## Short web captions
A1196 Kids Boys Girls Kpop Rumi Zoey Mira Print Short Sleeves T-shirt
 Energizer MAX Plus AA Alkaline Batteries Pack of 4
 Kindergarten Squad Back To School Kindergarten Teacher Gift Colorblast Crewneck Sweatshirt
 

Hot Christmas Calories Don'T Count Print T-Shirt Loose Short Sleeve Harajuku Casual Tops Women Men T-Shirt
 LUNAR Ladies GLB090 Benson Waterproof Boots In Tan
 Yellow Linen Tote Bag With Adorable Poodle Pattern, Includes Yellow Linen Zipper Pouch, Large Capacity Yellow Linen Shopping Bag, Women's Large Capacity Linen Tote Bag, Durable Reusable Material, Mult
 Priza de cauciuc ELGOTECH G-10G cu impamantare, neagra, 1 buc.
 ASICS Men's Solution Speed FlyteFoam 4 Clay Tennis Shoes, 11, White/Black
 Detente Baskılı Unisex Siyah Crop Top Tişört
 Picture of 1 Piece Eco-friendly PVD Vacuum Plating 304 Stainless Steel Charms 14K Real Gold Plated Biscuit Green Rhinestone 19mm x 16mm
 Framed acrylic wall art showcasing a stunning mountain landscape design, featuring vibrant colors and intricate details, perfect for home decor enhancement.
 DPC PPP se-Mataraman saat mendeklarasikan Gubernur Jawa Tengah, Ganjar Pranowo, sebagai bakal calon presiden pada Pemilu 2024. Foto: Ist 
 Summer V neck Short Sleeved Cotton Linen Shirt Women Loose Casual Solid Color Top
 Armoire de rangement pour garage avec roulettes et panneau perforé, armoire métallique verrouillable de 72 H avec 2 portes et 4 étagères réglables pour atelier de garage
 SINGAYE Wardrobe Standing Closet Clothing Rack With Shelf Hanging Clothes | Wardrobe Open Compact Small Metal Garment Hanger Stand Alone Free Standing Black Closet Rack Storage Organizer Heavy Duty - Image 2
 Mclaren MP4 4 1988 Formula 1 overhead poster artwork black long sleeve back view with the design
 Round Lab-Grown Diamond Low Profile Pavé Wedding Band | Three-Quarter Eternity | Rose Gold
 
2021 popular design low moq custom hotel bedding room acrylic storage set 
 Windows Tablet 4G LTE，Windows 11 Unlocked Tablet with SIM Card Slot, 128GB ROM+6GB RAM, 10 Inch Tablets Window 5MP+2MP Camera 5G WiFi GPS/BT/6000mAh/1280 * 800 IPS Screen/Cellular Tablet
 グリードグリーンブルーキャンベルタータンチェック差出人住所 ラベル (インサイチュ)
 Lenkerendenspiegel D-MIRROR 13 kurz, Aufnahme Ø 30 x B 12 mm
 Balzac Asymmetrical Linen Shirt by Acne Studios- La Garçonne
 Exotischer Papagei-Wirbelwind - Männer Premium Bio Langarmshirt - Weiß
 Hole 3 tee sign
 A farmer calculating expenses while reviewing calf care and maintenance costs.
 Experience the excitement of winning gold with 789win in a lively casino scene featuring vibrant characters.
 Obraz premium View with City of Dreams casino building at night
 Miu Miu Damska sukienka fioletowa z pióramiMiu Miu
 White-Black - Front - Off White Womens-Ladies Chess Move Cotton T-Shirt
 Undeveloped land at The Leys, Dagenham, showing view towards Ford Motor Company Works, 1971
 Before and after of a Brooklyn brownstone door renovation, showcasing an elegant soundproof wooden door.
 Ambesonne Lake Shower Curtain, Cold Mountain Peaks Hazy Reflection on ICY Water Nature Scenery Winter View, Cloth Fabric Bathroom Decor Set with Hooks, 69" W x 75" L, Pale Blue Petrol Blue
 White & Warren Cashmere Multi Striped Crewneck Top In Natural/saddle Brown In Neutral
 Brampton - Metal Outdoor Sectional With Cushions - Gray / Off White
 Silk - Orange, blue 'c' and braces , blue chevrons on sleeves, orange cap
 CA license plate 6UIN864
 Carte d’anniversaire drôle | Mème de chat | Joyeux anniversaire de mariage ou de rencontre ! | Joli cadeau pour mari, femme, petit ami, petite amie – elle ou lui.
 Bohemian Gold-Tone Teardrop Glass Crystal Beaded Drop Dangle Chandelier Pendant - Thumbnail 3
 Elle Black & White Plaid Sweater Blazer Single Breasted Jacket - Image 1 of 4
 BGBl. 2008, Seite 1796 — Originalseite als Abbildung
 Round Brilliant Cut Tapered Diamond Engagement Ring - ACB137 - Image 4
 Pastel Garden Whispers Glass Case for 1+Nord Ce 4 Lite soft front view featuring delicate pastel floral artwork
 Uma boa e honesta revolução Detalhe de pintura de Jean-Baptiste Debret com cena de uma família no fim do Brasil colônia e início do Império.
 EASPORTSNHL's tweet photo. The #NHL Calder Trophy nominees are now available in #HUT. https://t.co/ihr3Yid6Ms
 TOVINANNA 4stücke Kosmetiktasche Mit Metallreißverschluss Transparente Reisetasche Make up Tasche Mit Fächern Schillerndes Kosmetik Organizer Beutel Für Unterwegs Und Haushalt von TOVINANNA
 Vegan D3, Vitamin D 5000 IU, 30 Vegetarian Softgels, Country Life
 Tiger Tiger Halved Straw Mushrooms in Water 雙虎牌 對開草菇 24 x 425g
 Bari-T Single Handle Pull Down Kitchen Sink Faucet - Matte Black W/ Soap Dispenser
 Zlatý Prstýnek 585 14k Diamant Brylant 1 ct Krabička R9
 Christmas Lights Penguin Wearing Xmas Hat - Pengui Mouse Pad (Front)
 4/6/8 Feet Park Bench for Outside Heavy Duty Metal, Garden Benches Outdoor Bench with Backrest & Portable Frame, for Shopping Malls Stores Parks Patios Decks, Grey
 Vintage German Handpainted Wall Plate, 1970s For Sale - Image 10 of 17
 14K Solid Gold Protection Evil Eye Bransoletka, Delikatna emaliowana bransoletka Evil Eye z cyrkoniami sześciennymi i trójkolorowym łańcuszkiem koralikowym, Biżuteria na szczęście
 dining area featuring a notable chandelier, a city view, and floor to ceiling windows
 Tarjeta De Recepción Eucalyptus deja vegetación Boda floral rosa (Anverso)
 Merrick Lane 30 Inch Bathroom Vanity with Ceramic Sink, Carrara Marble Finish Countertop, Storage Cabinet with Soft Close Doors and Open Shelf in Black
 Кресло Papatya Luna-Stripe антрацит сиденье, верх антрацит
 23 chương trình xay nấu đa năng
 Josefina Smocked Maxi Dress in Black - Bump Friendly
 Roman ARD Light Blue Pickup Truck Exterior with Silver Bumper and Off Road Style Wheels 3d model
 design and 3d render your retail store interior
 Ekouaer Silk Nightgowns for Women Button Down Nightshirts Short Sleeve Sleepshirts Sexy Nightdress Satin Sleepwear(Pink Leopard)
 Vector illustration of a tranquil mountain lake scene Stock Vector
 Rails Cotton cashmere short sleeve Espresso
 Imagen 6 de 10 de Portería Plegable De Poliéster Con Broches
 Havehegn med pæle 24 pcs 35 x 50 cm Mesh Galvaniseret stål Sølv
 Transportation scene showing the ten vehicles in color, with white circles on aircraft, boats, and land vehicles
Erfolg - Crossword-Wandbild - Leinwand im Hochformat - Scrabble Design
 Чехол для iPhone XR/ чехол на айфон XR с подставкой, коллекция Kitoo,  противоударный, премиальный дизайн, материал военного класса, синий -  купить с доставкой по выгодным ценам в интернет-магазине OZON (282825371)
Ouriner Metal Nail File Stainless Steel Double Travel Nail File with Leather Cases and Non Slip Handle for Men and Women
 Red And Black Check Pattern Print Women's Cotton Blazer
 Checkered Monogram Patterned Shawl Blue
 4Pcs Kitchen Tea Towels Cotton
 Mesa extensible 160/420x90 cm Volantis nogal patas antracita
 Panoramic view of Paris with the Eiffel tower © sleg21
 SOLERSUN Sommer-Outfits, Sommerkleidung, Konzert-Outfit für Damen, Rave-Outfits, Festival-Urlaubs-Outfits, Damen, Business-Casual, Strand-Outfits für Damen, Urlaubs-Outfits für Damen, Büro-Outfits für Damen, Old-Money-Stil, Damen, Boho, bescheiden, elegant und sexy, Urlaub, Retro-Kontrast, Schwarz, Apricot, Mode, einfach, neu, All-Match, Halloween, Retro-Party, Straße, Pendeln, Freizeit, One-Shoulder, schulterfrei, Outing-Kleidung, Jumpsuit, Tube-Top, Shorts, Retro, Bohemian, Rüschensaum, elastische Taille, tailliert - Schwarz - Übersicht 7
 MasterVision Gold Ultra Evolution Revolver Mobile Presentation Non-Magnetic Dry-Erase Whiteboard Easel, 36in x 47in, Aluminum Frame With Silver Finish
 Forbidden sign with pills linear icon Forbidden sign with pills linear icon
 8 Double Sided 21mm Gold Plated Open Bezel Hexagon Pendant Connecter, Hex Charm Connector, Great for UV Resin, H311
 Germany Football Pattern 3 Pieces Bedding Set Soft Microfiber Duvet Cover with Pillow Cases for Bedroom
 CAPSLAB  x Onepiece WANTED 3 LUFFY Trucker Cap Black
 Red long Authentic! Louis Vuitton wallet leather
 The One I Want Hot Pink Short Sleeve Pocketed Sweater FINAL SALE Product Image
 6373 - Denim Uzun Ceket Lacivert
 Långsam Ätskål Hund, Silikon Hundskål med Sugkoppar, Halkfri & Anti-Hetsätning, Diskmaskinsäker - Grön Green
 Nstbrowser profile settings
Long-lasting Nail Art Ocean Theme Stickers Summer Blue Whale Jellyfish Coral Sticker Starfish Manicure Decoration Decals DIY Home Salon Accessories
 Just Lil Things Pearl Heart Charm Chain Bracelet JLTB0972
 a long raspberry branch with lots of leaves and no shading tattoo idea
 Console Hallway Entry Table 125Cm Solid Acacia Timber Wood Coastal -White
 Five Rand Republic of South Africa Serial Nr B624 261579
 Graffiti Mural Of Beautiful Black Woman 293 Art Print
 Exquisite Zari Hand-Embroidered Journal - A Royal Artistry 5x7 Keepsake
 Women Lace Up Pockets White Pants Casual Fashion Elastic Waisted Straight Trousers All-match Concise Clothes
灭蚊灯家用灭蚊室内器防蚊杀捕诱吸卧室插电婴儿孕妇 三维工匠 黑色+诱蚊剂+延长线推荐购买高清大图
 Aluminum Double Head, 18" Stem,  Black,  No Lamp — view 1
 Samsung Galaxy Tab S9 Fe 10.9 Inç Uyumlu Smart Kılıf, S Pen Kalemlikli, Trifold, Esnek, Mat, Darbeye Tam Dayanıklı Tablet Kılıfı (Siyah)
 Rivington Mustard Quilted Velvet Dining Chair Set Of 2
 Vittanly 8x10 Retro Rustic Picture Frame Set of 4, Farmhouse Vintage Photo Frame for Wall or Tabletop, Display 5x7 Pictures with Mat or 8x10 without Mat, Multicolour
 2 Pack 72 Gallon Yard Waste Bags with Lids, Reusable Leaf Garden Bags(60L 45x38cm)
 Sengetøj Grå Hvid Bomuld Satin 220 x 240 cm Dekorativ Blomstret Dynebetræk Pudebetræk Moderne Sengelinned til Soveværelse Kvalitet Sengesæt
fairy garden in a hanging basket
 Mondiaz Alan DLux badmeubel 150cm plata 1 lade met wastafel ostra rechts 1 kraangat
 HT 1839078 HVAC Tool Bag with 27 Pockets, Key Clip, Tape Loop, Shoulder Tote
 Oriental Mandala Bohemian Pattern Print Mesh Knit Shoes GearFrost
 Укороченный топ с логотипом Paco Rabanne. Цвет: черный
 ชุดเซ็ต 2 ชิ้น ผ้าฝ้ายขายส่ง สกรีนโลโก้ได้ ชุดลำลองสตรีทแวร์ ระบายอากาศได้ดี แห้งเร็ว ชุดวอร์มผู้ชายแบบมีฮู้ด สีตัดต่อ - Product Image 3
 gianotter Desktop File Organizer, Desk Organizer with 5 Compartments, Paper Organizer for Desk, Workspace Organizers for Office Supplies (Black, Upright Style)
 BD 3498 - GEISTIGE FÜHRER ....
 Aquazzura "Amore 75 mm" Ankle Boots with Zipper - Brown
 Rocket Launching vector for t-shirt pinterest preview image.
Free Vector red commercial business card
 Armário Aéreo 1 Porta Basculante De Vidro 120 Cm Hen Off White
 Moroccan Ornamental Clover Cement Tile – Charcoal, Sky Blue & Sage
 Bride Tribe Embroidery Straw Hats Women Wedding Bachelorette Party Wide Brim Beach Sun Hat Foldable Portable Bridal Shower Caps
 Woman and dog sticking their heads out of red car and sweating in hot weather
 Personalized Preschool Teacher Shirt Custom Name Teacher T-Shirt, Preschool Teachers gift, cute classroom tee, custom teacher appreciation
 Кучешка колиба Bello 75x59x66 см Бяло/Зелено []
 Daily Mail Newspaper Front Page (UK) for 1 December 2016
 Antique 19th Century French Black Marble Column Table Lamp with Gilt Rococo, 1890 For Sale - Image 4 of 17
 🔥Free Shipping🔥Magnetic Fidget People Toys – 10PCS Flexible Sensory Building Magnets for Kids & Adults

## About this exercise
Retype the records above from the very first line down to the line with "Picture of 1", keeping both of those lines. Include nothing beyond them.

## Written reply
A1196 Kids Boys Girls Kpop Rumi Zoey Mira Print Short Sleeves T-shirt
 Energizer MAX Plus AA Alkaline Batteries Pack of 4
 Kindergarten Squad Back To School Kindergarten Teacher Gift Colorblast Crewneck Sweatshirt
 

Hot Christmas Calories Don'T Count Print T-Shirt Loose Short Sleeve Harajuku Casual Tops Women Men T-Shirt
 LUNAR Ladies GLB090 Benson Waterproof Boots In Tan
 Yellow Linen Tote Bag With Adorable Poodle Pattern, Includes Yellow Linen Zipper Pouch, Large Capacity Yellow Linen Shopping Bag, Women's Large Capacity Linen Tote Bag, Durable Reusable Material, Mult
 Priza de cauciuc ELGOTECH G-10G cu impamantare, neagra, 1 buc.
 ASICS Men's Solution Speed FlyteFoam 4 Clay Tennis Shoes, 11, White/Black
 Detente Baskılı Unisex Siyah Crop Top Tişört
 Picture of 1 Piece Eco-friendly PVD Vacuum Plating 304 Stainless Steel Charms 14K Real Gold Plated Biscuit Green Rhinestone 19mm x 16mm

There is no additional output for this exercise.